SOURCE DATA »
.....

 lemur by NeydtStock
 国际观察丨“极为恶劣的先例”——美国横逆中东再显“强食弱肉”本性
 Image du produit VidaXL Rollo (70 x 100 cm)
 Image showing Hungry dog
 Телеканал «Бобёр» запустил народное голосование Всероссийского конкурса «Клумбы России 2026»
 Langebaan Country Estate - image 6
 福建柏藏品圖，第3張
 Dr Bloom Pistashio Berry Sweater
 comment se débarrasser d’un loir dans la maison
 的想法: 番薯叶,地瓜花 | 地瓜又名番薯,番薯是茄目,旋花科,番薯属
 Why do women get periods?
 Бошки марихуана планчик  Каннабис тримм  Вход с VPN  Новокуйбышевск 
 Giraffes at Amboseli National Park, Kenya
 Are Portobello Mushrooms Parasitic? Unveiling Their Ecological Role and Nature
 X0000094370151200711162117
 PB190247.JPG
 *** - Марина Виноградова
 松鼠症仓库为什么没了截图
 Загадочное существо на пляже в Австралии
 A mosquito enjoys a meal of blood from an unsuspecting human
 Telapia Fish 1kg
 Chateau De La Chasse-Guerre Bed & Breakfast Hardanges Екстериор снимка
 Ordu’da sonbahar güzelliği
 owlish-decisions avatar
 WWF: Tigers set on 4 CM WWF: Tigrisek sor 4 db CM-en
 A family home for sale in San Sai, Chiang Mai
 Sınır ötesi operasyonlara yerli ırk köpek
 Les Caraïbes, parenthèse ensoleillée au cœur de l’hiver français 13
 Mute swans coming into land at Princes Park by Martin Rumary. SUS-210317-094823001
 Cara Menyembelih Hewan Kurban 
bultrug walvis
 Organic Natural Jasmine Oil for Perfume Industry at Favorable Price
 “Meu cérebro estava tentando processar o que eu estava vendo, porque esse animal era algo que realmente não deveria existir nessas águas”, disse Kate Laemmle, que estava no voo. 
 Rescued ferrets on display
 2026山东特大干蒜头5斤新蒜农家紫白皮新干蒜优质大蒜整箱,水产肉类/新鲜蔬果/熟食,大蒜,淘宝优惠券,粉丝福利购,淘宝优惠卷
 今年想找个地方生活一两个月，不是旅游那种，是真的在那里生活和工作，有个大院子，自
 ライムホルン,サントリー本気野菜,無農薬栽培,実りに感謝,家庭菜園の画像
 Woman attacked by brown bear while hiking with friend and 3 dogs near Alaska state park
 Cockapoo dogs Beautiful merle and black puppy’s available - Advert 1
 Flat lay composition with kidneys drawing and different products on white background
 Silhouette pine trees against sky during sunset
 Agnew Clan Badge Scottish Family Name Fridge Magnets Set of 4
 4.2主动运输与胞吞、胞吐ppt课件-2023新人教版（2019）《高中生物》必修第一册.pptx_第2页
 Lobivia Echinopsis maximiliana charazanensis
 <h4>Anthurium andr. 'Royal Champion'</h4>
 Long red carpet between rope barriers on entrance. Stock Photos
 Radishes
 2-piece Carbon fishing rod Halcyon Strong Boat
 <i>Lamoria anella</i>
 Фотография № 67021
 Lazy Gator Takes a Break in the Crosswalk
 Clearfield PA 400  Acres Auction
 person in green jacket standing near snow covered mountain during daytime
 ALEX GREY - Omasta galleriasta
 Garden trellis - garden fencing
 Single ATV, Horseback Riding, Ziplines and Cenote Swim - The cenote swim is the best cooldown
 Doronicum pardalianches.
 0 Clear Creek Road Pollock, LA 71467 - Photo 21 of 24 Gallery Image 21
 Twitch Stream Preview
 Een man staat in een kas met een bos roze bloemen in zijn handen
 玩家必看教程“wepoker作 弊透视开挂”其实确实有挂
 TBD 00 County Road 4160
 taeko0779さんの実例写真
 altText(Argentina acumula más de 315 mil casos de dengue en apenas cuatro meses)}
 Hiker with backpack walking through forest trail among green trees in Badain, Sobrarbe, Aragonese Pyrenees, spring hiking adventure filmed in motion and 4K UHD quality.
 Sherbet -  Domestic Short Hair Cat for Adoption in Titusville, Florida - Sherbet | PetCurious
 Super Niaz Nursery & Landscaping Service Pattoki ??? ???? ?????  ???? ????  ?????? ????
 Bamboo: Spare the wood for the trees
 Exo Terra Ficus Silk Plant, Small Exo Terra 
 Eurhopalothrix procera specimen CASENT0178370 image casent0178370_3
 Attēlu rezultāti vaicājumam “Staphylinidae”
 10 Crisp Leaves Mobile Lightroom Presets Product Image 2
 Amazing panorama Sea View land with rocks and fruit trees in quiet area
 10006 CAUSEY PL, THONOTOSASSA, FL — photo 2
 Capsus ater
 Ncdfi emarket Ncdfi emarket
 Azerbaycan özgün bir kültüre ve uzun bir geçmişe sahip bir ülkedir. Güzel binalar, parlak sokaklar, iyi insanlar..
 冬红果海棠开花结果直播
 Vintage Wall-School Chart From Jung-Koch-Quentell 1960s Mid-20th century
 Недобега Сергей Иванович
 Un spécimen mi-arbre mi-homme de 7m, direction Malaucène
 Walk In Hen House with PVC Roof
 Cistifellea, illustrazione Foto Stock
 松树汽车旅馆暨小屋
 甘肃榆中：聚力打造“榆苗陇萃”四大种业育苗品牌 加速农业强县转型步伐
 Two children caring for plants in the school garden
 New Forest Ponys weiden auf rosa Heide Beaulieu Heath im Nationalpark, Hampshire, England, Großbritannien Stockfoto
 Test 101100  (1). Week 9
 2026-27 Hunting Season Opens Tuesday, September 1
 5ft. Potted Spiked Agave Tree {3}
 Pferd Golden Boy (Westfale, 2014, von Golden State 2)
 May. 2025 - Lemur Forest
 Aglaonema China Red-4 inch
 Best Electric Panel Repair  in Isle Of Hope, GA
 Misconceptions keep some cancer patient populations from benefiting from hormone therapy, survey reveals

.....

Starting at the line above that contains "Twitch Stream Preview", repeat each line exactly up to and including the line that contains "altText(Argentina acumula más", and stop there.

RESPONSE TO THIS EXERCISE »
 Twitch Stream Preview
 Een man staat in een kas met een bos roze bloemen in zijn handen
 玩家必看教程“wepoker作 弊透视开挂”其实确实有挂
 TBD 00 County Road 4160
 taeko0779さんの実例写真
 altText(Argentina acumula más de 315 mil casos de dengue en apenas cuatro meses)}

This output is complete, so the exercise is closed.